So, I'll try to keep this short. I have been working on some code to get a 1x8 strip of Neo Pixel (ws2812B) working as a VU meter. Here is my code so far:
What it does is just displays on the top most 4 LEDs and kind of fidgets around a bit. Can some one take a gander and see what I did wrong? It is late and I'm tired, Might sort it out tomorrow, but the more eyes on it the better. And yes it only needs to be red. This is a prototype code so it isn't even close to being finished yet. Just ran in to this snag and been banging away at it for hours now.
First things first. Are you damaging your Arduino? No point fixing your code if the hardware is already damaged or about to fail.
Connecting an audio signal directly to an Arduino analog pin can damage it. Audio signals contain negative voltages and arduino analog pins cannot tolerate that.
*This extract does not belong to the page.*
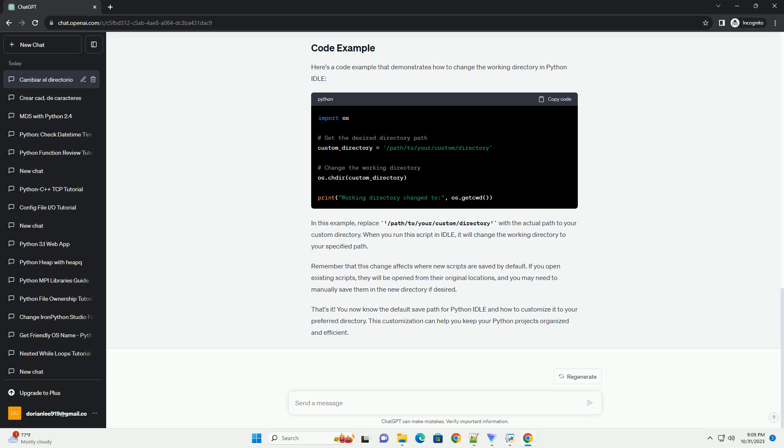Remember that this change affects where new scripts are saved by default. If you open existing scripts, they will be opened from their original locations, and you may need to manually save them in the new directory if desired. You now know the default save path for Python IDLE and how to customize it to your preferred directory. This customization can help you keep your Python projects organized and efficient.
For your vu meter project you need a circuit which will take the audio signals, remove the negative parts and create a signal which follows the "envelope" of the sound.
You have only 8 LEDs (numbered 0 to 7) but led can take the value 8, and there is no led #8 in your strip.
No need to set this each time you update a pixel. The .setBrightness() method affects the whole strip, not individual LEDs. If you plan to change the brightness dynamically, use .setBrightness() just before you call .show(). Right now, you never change the brightness, so I suggest you use .setBrightness() one time in setup().
No need to call .show() after each pixel is updated. Do it once per call of loop(), after all the pixels have been updated.
Huh? You definitely need to review your entire code with a fresh set of eyes in the morning!
Thank you for the reply paulRB. I know better than to hook the audio directly to the Arduino board I'm using two resistors as a voltage divider. Then a decoupling capacitor between the audio input from the line level to the arduino pin. Also I have a pulldown resistor hooked to the audio input, which I don't think I need at this point. I'll check in to the bits of code that you have pointed out and see what is the matter. Reply is much appreciated, thank you.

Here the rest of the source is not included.